# RAW DATA
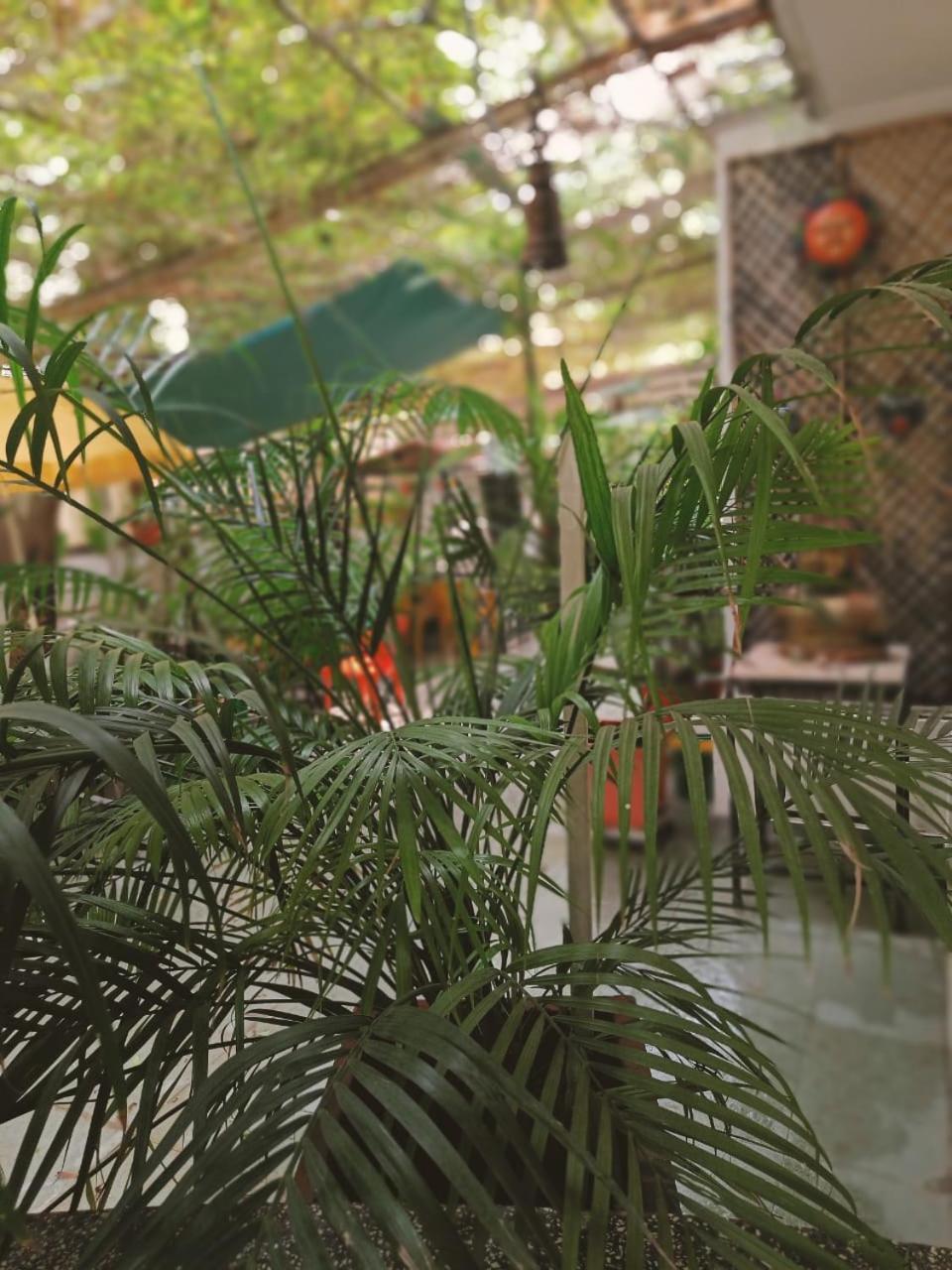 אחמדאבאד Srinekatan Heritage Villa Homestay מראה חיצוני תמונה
--
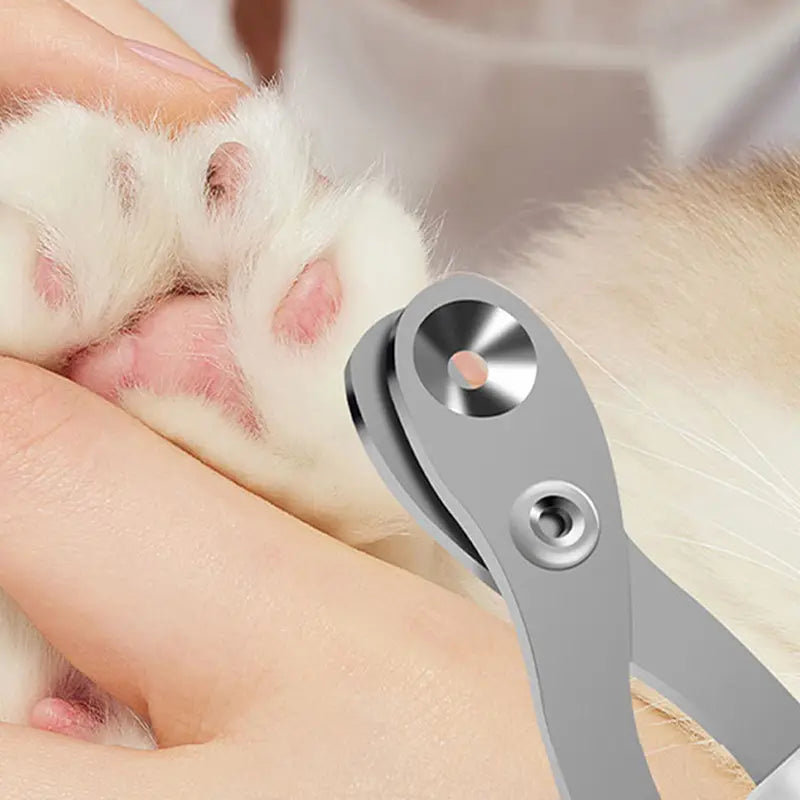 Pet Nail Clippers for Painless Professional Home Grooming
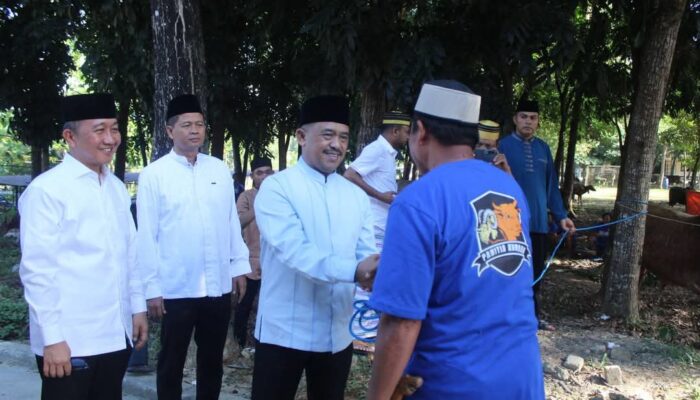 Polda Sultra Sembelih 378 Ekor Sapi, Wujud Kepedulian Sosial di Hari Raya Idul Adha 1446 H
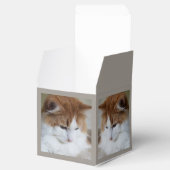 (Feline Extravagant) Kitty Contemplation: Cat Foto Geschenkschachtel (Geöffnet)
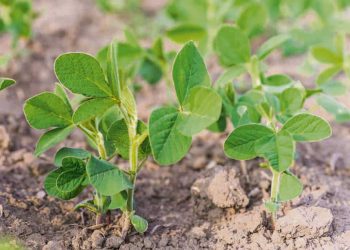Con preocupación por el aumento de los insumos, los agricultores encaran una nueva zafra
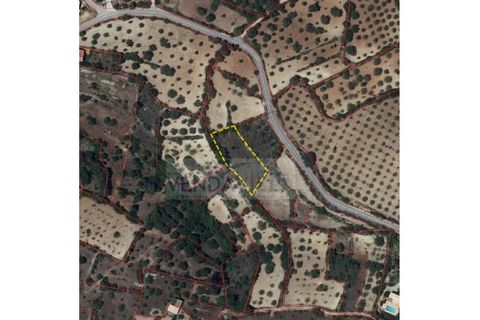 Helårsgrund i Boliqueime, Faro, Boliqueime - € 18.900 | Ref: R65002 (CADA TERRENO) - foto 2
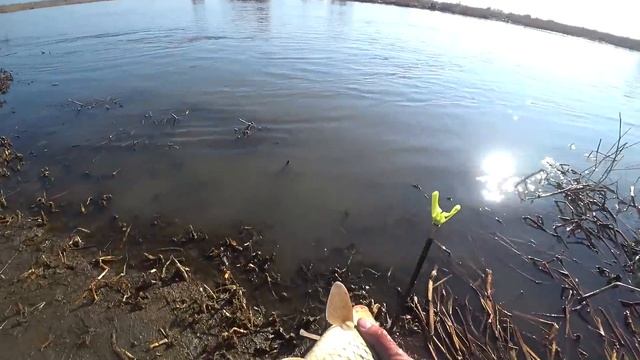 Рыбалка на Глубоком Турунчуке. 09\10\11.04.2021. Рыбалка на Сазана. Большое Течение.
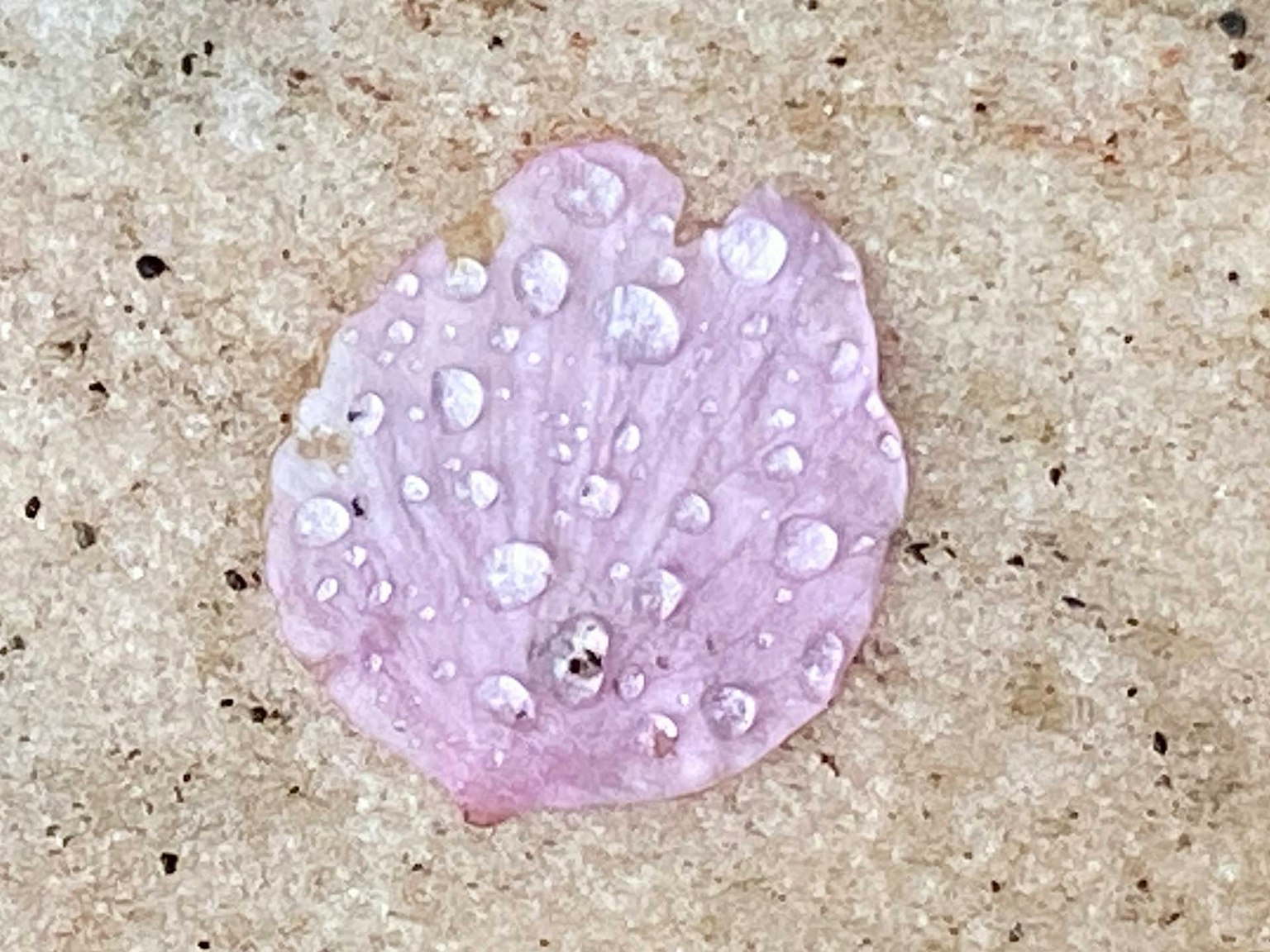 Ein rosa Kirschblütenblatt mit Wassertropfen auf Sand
...
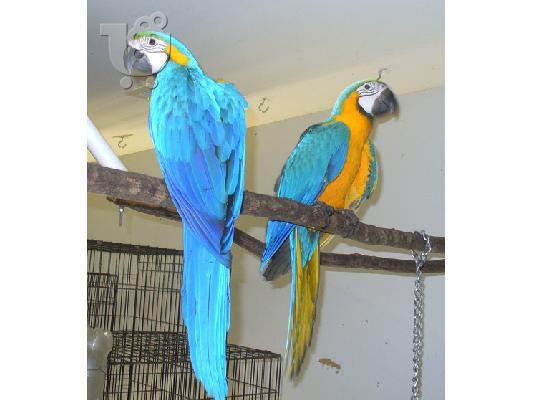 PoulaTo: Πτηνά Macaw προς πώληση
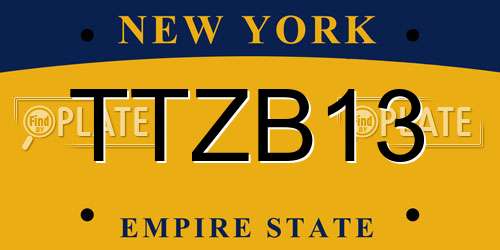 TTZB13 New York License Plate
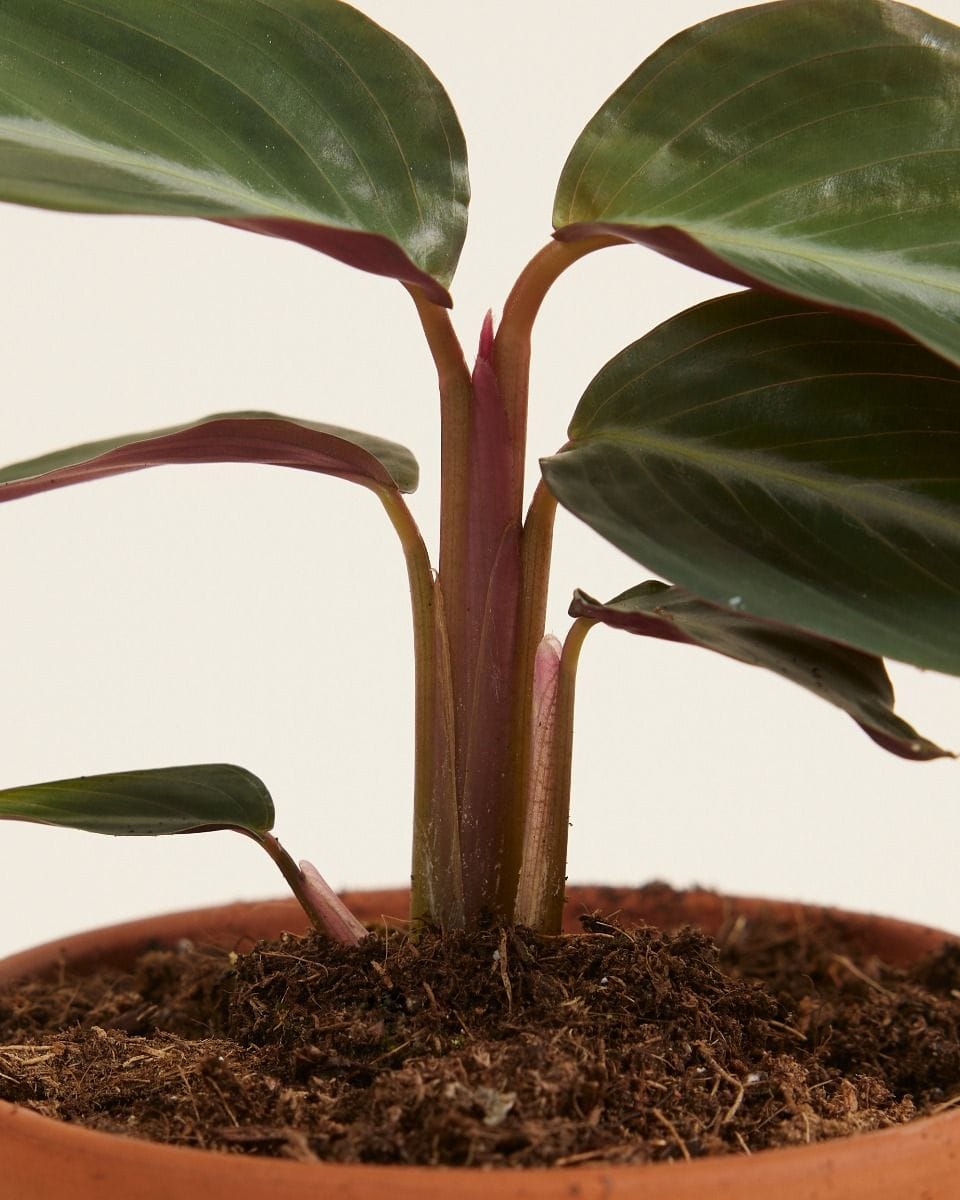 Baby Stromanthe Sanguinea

# WHAT YOU NEED TO DO
Going by the data above, the answer is exactly the lines from the one holding "Pet Nail Clippers" to the one holding "Ein rosa Kirschblütenblatt", both kept, with the pictures left out.

# THE COMPLETED TASK
 Pet Nail Clippers for Painless Professional Home Grooming
 Polda Sultra Sembelih 378 Ekor Sapi, Wujud Kepedulian Sosial di Hari Raya Idul Adha 1446 H
 (Feline Extravagant) Kitty Contemplation: Cat Foto Geschenkschachtel (Geöffnet)
Con preocupación por el aumento de los insumos, los agricultores encaran una nueva zafra
 Helårsgrund i Boliqueime, Faro, Boliqueime - € 18.900 | Ref: R65002 (CADA TERRENO) - foto 2
 Рыбалка на Глубоком Турунчуке. 09\10\11.04.2021. Рыбалка на Сазана. Большое Течение.
 Ein rosa Kirschblütenblatt mit Wassertropfen auf Sand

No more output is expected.